Prompt: Would you set down the data that follows, word for word, without any pictures?

Supplied information:
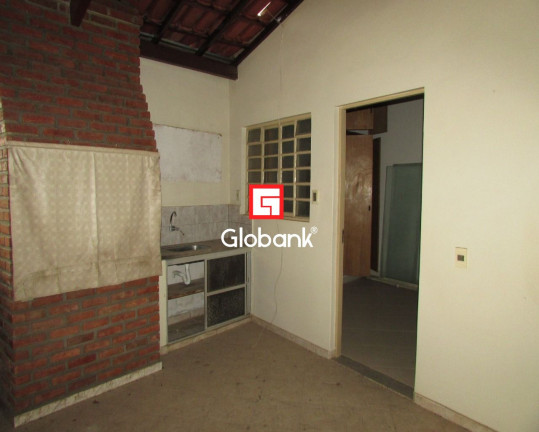 Imagem Sobrado com 4 Quartos para Alugar, 200 m² em Centro - Montes Claros Imagem Sobrado com 4 Quartos para Alugar, 200 m² em Centro - Montes Claros
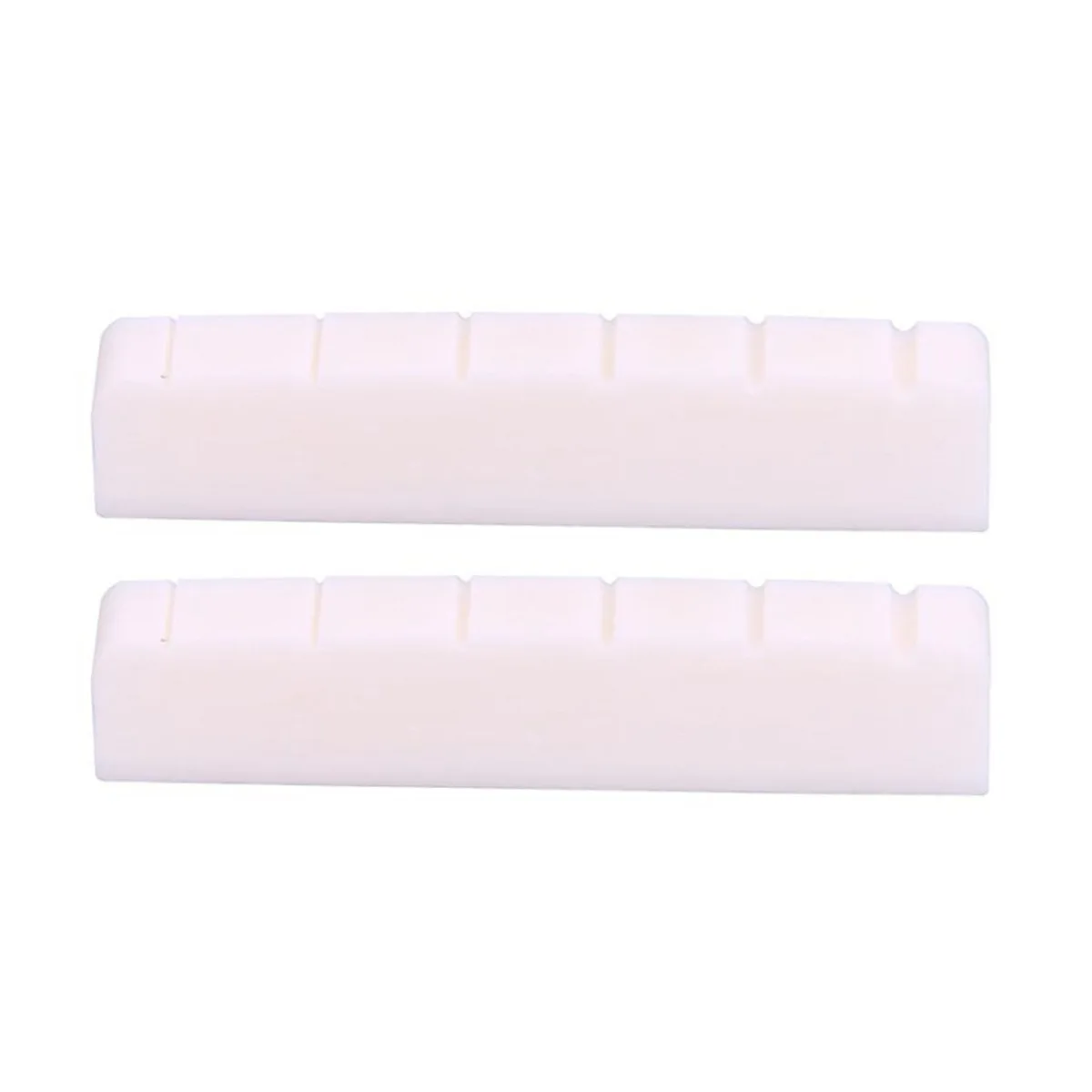 Pack Of 2, Electric… - image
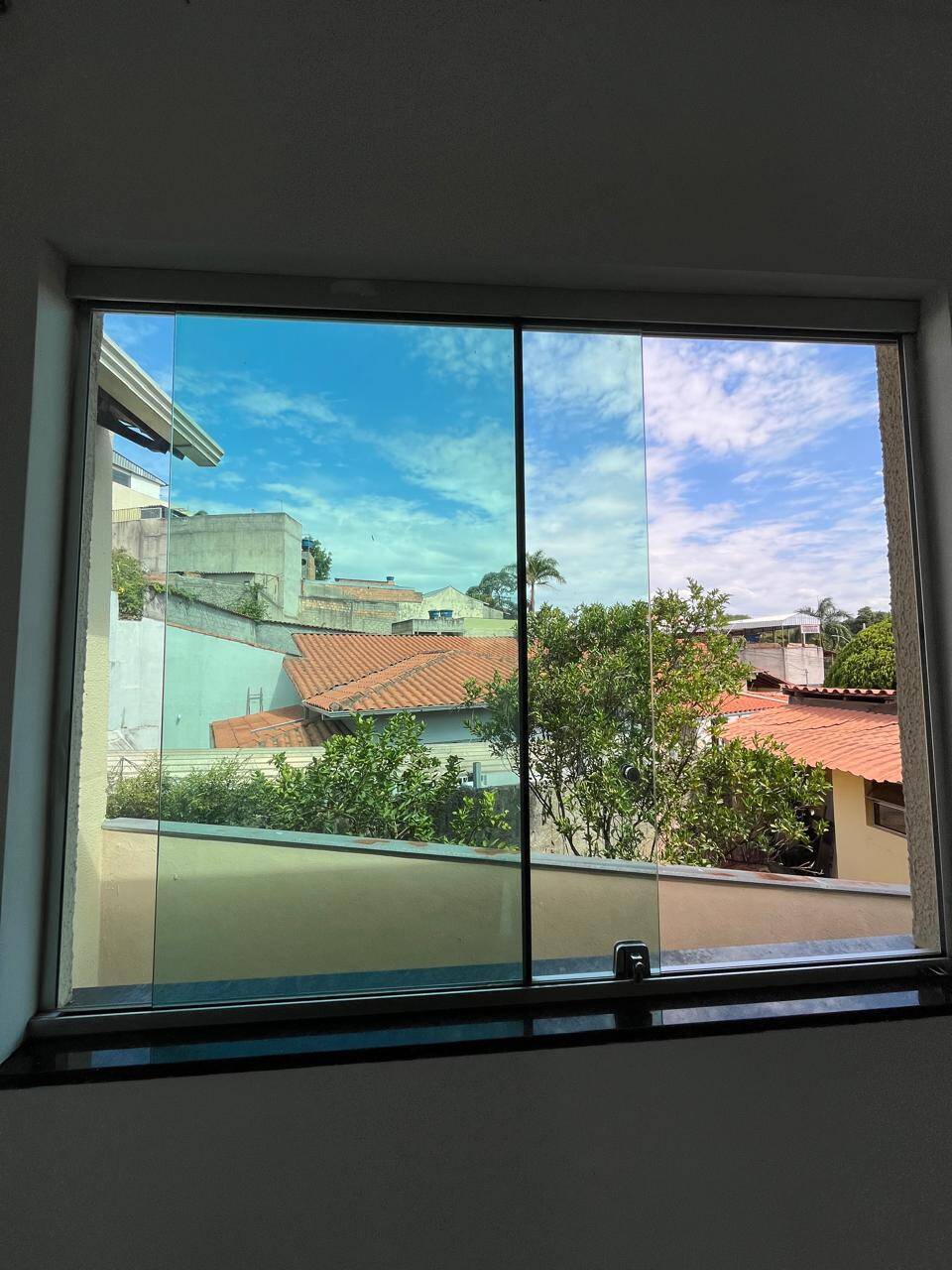 Casa, 2 quartos, 130 m² - Foto 16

Solution:
 Imagem Sobrado com 4 Quartos para Alugar, 200 m² em Centro - Montes Claros Imagem Sobrado com 4 Quartos para Alugar, 200 m² em Centro - Montes Claros
 Pack Of 2, Electric… - image
 Casa, 2 quartos, 130 m² - Foto 16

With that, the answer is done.